Clyde asintió y comió durante un rato. Hennessey hizo lo mismo. Los dos acumulaban fuerzas para la siguiente ronda.

—Claro —dijo Clyde—. El ejército te pide que hagas testamento cuando vas a ultramar en misión de combate.

—Claro —dijo Hennessey.

—Pero tiene razón en lo que está pensando —dijo Clyde. Tragó con esfuerzo y se volvió para mirar por la ventana. De pronto su tórax fue como un viejo motor de camión que intentase arrancar y lágrimas cálidas le saltaron de los ojos y le corrieron por las mejillas. Desplazó el cuerpo hacia la ventana, apoyó la cabeza en la mano y dejó que las lágrimas fluyesen durante un minuto, sabiendo que nadie excepto Hennessey podía verle.

Hennessey bebió café y también miró por la ventana.

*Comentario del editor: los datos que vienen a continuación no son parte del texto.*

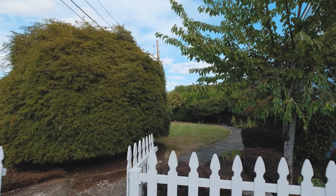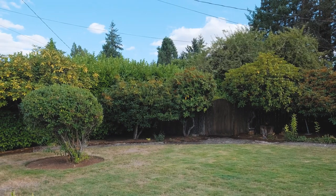This home, built in the 1940s, carries a lot of the charm from the era but with essential upgrades such as vinyl windows, forced air gas heating, and a remodeled kitchen.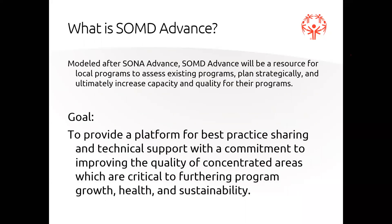What is SOMD Advance? Special Olympics Maryland Advance is modeled after the Advance Program of Special Olympics North America, and will be a resource for local programs to assess existing programs, plan strategically, and ultimately increase capacity and quality. The overall goal is to provide a platform for best practice sharing and technical support with a commitment to improving quality of concentrated areas critical to furthering program growth, health, and sustainability. We want to assess our programs, understand what we're doing well, understand where we can improve, and drive support to those areas of growth.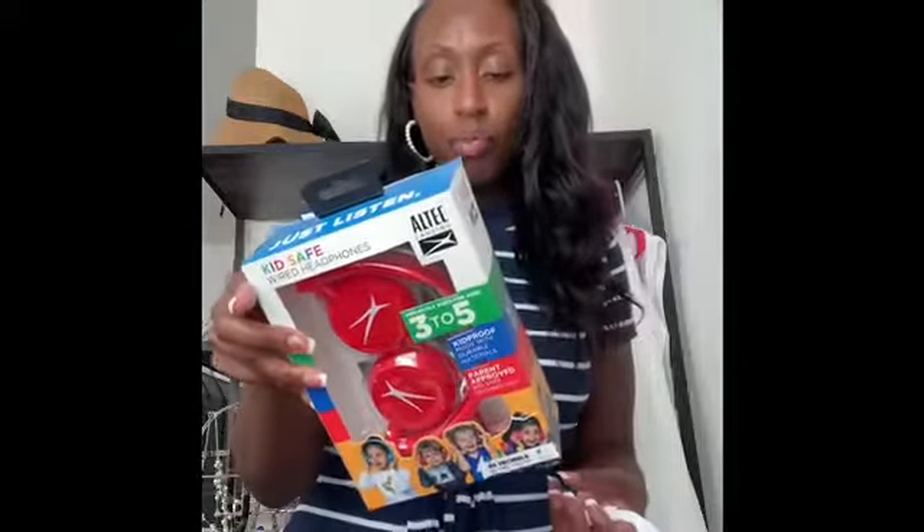We're going to Georgia next week, so I wanted to get my baby some headphones for when we hit the road. They had these little headphones — it says ages three to five, my son's almost three — for $7.99, so we'll see how that goes. I also ran out of bath mittens, so I got a pack of four for $2.99. I went to TJ Maxx first but they didn't have any mittens.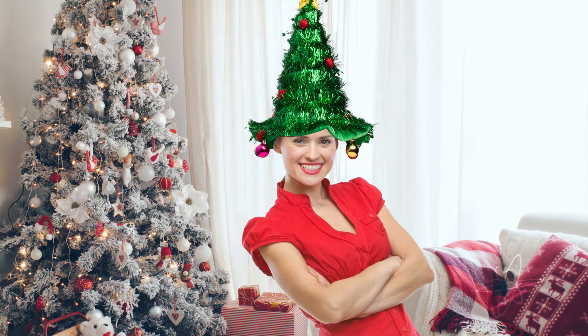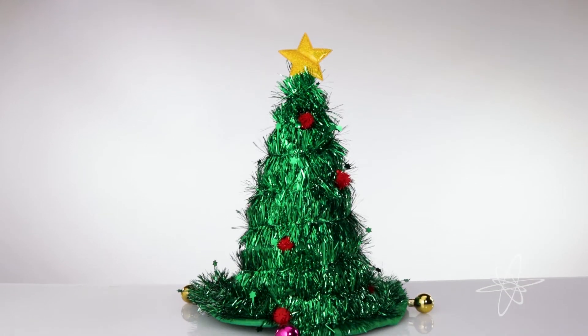Get this treemendous hat while you can, the Simply Genius Christmas Tree Hat.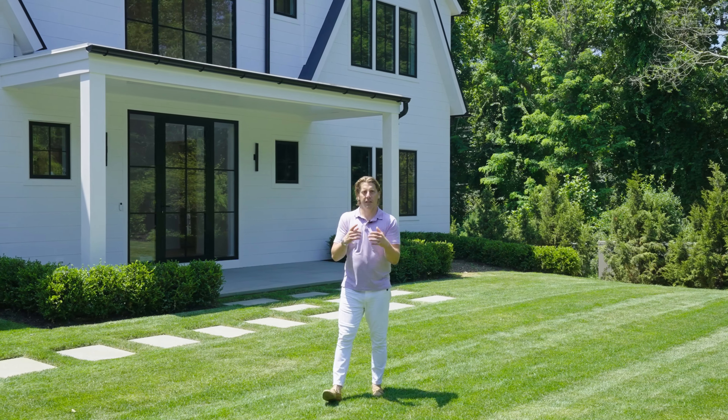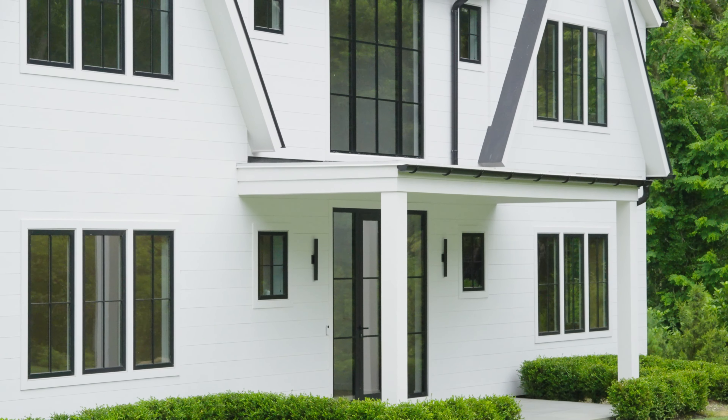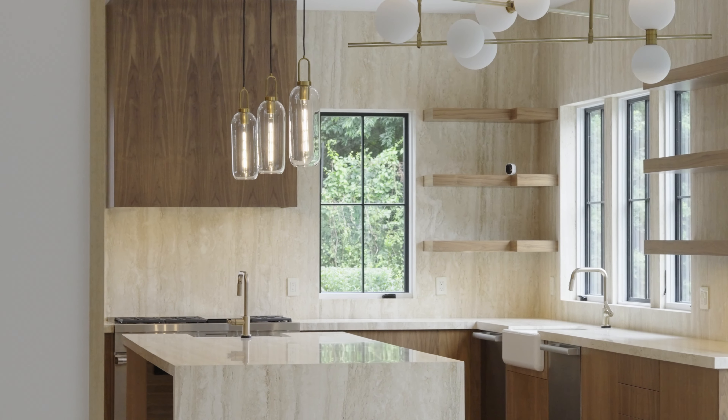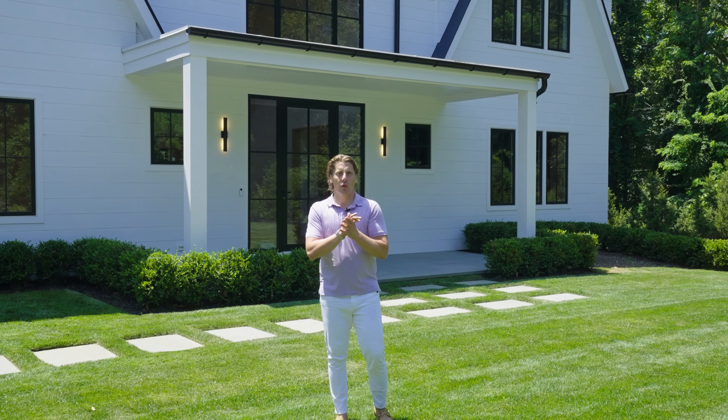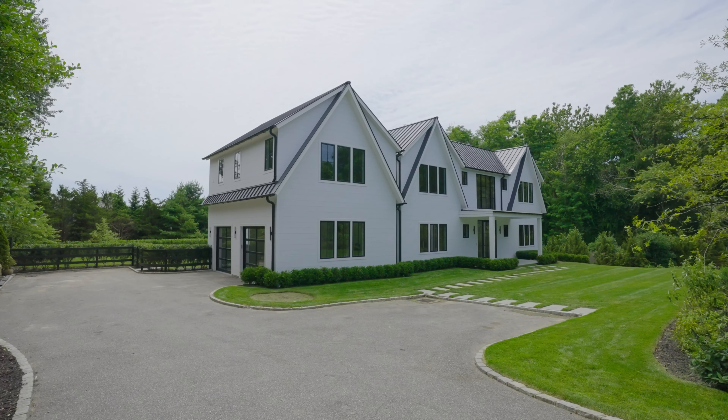Matt Brighton back here with the BAT team. We are at our brand new development project launching to the market this summer — move-in ready. We are located in Bridgehampton horse country, one of the most desirable areas in the Hamptons. Come on in, let's take a look.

—El sheriff Mullowney no ayudará. El FBI no ayudará. La CIA no puede ayudar —dijo Hennessey al cabo de un rato—. El viejo Clyde está solo, y esta vez no va a perder, ¿verdad?

Clyde agitó la cabeza e intentó decir «no» pero le falló la voz.

—Ése es el espíritu —dijo Hennessey—. Tiene que gustarte ganar. ¿Salimos ahí fuera y ganamos, Clyde?

—¿Nosotros?

—No voy a quedarme aquí sentado y engañarte. Pronto me subiré a un avión y volveré a Washington, y probablemente no saldré de allí hasta que esto haya terminado. No estaré contigo en el frente. No arriesgaré la vida. Ahora mismo mi saldo está bajo mínimos con la CIA y el FBI, porque recientemente no he ganado. La verdad es que me han estado pateando el culo, lo que me cabrea de verdad… Pero eso no tiene nada que ver. Lo que quiero decir es que no te puedo enviar un avión cargado de agentes federales bien armados. Ni nada similar. Pero puedo ser útil de algunas otras formas más modestas.